Was his long association with the British only a ploy to insure their support and to gain a subsidy? It is clear that his relation with at least two and perhaps several British officials was truly that of friendship and regard. Yet in the First World War he avoided an active role in support of the Allies, and in the Second remained uncommitted until the outcome was clear.
I attempt to point out differences in the published accounts of some of the decisive moments in the life of this man and have assembled a number of the comments about and descriptions of his aspect and character. One thing is certain. All of his actions were intended to safeguard his dynasty against any eventuality. He used every means his superior intellect could devise and exercised all of his well-documented charisma to that end. The state he founded has endured for a century, and is still guided by his offspring, who hold their father and his achievements in deep respect. The religious tenets he espoused are to this day the law of the land.

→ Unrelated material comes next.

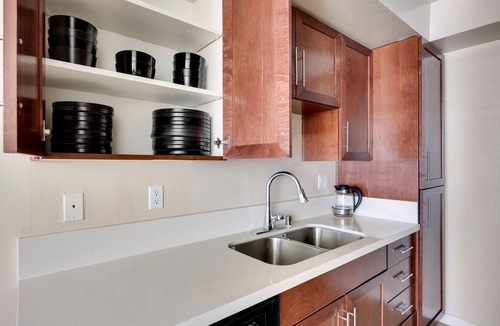 Rancho Palos Verdes Apartment | Blueground | Rancho Palos Verdes, pool, nr Point Vicente Lighthouse
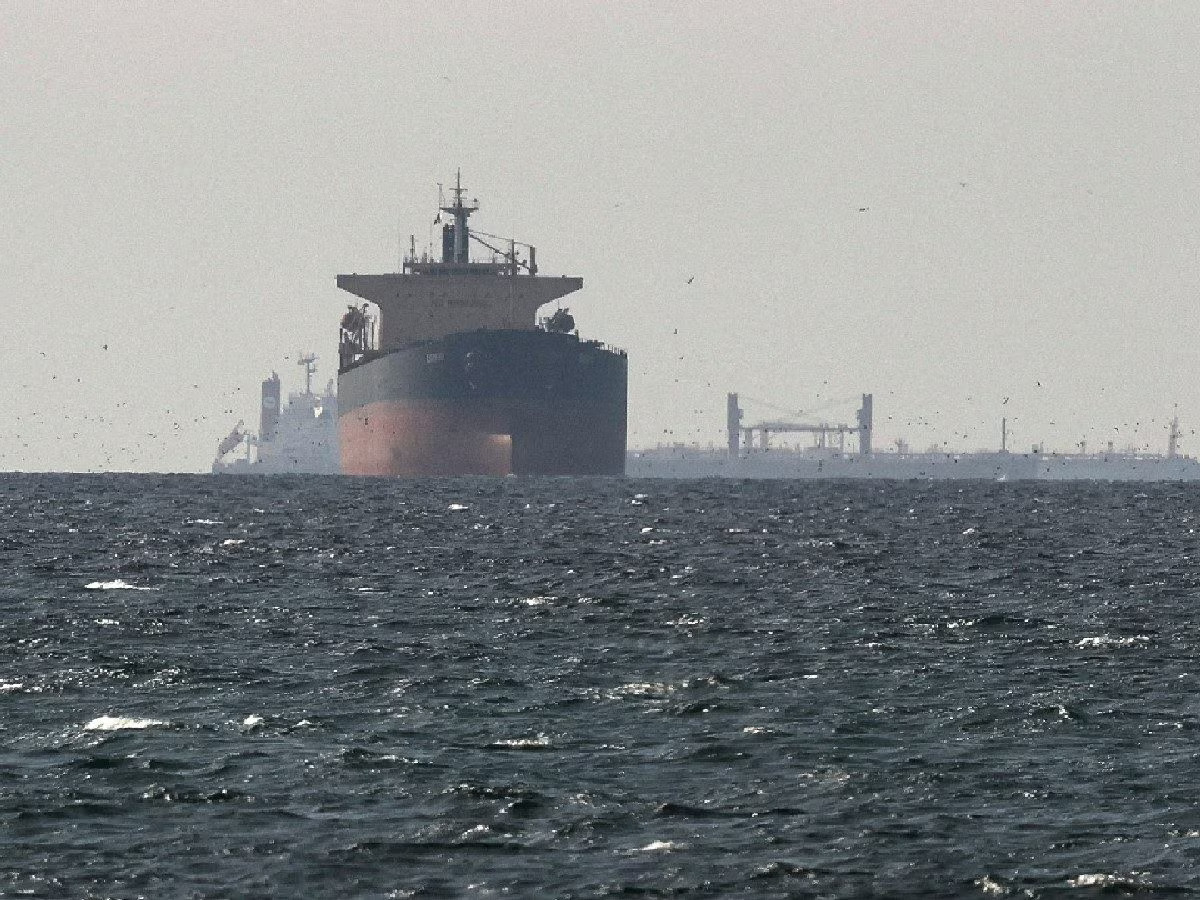 Oil tanker burning in Strait of Hormuz amid Iran war disrupting global oil supply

While collating information from publications about the man and his exploits, I found understandable diversity in the motivations ascribed his actions and deeds but could not comprehend the reasons for differences in affirmations of fact. For example, until recently Ibn Saud's birth was widely accepted to have been in the year 1880, although two contemporaries who talked with him and later wrote about their experiences, Gertrude Bell and Amin Rihani, indicate without ambiguity that the year was 1876. Lacey must be commended for obtaining confirmation of this date. But like other authors he overlooks explicit statements about the age of the Saudi ruler in these earlier publications, although quoting from both of them on other matters.
I found it expedient in recounting the achievements of this remarkable man to discuss the Saudi state during Ibn Saud's lifetime - its nature, growth, and survival in spite of grave difficulties. His masterly handling of foreign relations is reviewed at some length. I relate how the first concessions were acquired and the effects of the discovery of oil in commercial quantities on the economy of this then mainly pastoral state, for without the exploitation of this vast store of energy his sons would not govern today.
The third and last portion of the main text is an attempt to depict the man as his contemporaries saw him and to evaluate his work. It is followed by notes enlarging on or explaining thirty-one items of interest. Three essays to enlighten the general reader and seven brief biographies or sketches of contemporaries important in Ibn Saud's career are appended along with an annotated bibliography. In this work, judgments regarding the man and opinions concerning the writings about him and his contemporaries are my own. Quantum animis erroris in est.